Stefano Pettinella verließ seine Heimat Ebenhausen 1987, um in Bamberg Politikwissenschaften zu studieren, seine Frau machte damals bereits in Stuttgart eine Ausbildung zur Chemisch-Technischen Assistentin. Zusammen zogen sie fast um die Welt: Italien, Frankreich, USA und die Tschechische Republik waren Stationen, die geprägt waren von Fortbildungen, beruflichen Neuorientierungen, Familienbildung. Wer sich nicht gerade weiterbildete oder die Kinder aufzog, verdiente die Brötchen.
In den USA blieben sie am längsten:"Wir kamen mit vier Koffern und wollten nur zwei Jahre bleiben. 16 Jahre später gingen wir mit vier Kindern und eineinhalb Containern", schmunzelt Stefano Pettinella über den unerwartet langen Aufenthalt in den Staaten. Als Fachkraft von seiner Firma nach Prag versetzt, arbeitete Stefano dort nur eine begrenzte Zeit.

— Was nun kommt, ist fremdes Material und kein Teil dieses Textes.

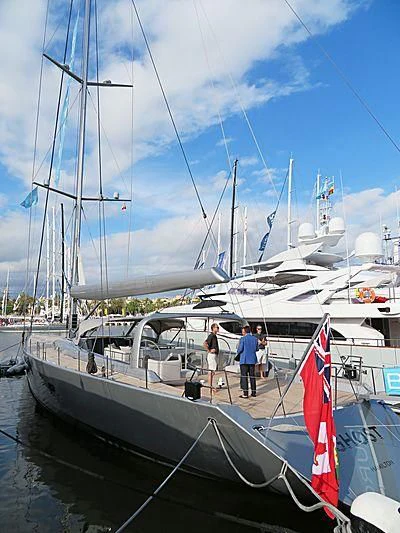 a boat with a flag on it aboard GHOST Yacht for Sale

Nach ein paar Jahren zogen die Pettinellas wieder nach Deutschland. Sie entschieden sich für Leipzig, denn zwei Kinder sollten noch an der International School, die der in Prag ähnelte, ihr Abitur machen. Zudem wollte Isolde als Diplom-Chemie-Ingenieurin wieder beruflich einsteigen. Nun kam erstmals das Gefühl auf, das "Nomadenleben" aufzugeben. Die "jahrelangen Diskussionen" über die dauerhafte Bleibe begannen.
Es sollte ein Ort sein, der die Basis für Familienfeste wird, denn die Kinder - allesamt polyglott aufgewachsen - hatte es schon in viele Himmelsrichtungen verschlagen. Auf ein starkes Netzwerk aus Familie, Freunden, Nachbarn und Vereinen wollten die Pettinellas zugreifen können. Und sicherlich spielt auch eine Prise Nostalgie eine Rolle, beide zog es zurück zu ihren Wurzeln. Außerdem, das hatten sie in den vielen Jahren in der Ferne gelernt, "müssen wir wertschätzen, was wir hier haben", sagt Stefano Pettinella über die Ressourcen vor Ort.
Das Paar hat hier alles gefunden, was es gesucht hatte: "Eine nette kleine sichere Stadt mit Natur". Für sie ist Brückenau lebenswert, weil "die Nachbarn uns sofort willkommen geheißen haben und man zu Fuß überall hinkommt".
Die Pettinellas sehen ihre Zukunft also in Bad Brückenau, aber wie sieht Brückenaus Zukunft aus? "Brückenau braucht Gründe, warum man in die Stadt kommen soll", so Stefano Pettinella. Zufällig stieß der Neubürger bei dem Städtebewertungsportal Criticity auf eine Bemerkung: "Bisschen wenig los in der Stadt, es müsste vielleicht ein Lokal für Menschen zwischen 15 und 40 aufmachen, das fehlt hier total." Für Jugendliche und junge Erwachsene wirkt Brückenau eher unattraktiv. Immerhin punktet Brückenau mit einer guten Anbindung an die A7, mit dem öffentlichen Personennahverkehr sieht es schon wieder anders aus. "Brückenau muss aus dem Loch kommen", betont Stefano Pettinella. "Ein Team aus allen Bevölkerungsschichten, Menschen mit unterschiedlichen Erfahrungshorizonten sollen Visionen und Strategien finden und einen Zeitplan aufstellen." Brückenaus Charme dümple vor sich hin, könne allerdings viel besser vermarktet werden, findet der Neu-Brückenauer. Ganz schlimm seien die "Scheren im Kopf". Ohne sich selbst Grenzen und Zensur aufzuerlegen, sollte man die Themen nicht problemorientiert, sondern lösungsorientiert annehmen.